Hadoop 101: Learning the Core Elements of Hadoop

hadoop-101According to 451 Research, the demand for Hadoop is expected to grow to $2.7 billion by 2018 and one of the key challenges accompanying this growth is the lack of widespread Hadoop configuration and development skills. A background in Hadoop can serve as a valuable differentiator for professionals interested in building new areas of expertise in managing and analyzing data, but finding an educational program that conveniently fits into busy work schedules has been difficult and/or cost prohibitive.

To address this need, MapR launched earlier this year a free, comprehensive On-Demand Training program designed to help data analysts, developers and administrators attain the required skills and expertise that can lead to becoming a certified Hadoop professional. In this article, we’ll take a look at the two core elements of Hadoop: the distributed file system and execution engines. This content is based on the curriculum from course HDE 100: Hadoop Essentials.

Types of File Systems

You’re probably reading this article right now on a web browser. A web browser is a file. It’s an application or executable file, but it is still a file that is stored on the hard drive of the computer that you are using. The files on our local hard drive are stored using a hard drive file system, such as HFS or NTFS. Most of us have no idea how these file systems work, but we don’t have to; we just need to know that we can open files, create files, save files, modify files, and delete files. Since I can read existing files, create new files or write to existing files, my local hard drive file system is considered a read-write file system.

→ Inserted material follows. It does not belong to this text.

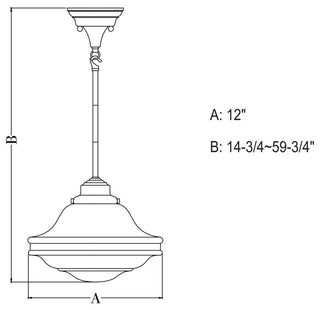 Vaxcel Lighting P0243 Huntley 1 Light 12"W Pendant - Satin Nickel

When I pop in a CD-ROM into the CD-ROM drive, I can access the files in the CD file system, such as CDFS. CDFS uses the very same utilities behind the scenes as those used for my hard drive files. This set of commonly used file system utilities is part of the POSIX standards. As with HFS or NTFS, I don’t have to know how CDFS works to use the files stored on my CD. When working with files on a CD-ROM, though, I cannot modify files, create new ones, or delete them. Therefore, CDFS is referred to as a read-only file system.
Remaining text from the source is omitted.